(Source records)
----

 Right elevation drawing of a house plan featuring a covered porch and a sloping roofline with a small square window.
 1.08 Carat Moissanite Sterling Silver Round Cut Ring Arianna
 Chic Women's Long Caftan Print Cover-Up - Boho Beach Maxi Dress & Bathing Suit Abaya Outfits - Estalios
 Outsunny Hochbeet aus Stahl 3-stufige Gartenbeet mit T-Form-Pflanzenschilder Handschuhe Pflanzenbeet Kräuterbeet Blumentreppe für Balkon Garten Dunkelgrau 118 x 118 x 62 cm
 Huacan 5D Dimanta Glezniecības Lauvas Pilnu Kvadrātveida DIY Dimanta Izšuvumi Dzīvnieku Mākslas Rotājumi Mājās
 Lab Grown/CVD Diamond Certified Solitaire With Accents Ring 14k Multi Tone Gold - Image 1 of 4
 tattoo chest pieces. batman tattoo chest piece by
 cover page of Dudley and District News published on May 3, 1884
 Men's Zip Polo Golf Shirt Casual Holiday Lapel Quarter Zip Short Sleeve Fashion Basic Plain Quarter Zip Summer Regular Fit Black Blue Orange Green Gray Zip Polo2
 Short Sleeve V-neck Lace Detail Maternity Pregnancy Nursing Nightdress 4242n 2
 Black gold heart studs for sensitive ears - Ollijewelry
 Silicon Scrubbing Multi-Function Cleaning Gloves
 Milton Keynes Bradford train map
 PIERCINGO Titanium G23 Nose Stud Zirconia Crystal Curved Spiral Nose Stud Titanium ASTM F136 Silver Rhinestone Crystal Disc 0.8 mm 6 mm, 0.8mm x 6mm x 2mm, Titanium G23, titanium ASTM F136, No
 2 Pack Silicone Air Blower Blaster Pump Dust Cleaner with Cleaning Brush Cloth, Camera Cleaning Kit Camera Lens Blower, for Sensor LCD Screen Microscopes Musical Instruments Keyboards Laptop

----

Exercise goal:
Each line from the one containing "Silicon Scrubbing Multi-Function" through the last line of the entries above is to be returned exactly, and no others.

Finished exercise:
 Silicon Scrubbing Multi-Function Cleaning Gloves
 Milton Keynes Bradford train map
 PIERCINGO Titanium G23 Nose Stud Zirconia Crystal Curved Spiral Nose Stud Titanium ASTM F136 Silver Rhinestone Crystal Disc 0.8 mm 6 mm, 0.8mm x 6mm x 2mm, Titanium G23, titanium ASTM F136, No
 2 Pack Silicone Air Blower Blaster Pump Dust Cleaner with Cleaning Brush Cloth, Camera Cleaning Kit Camera Lens Blower, for Sensor LCD Screen Microscopes Musical Instruments Keyboards Laptop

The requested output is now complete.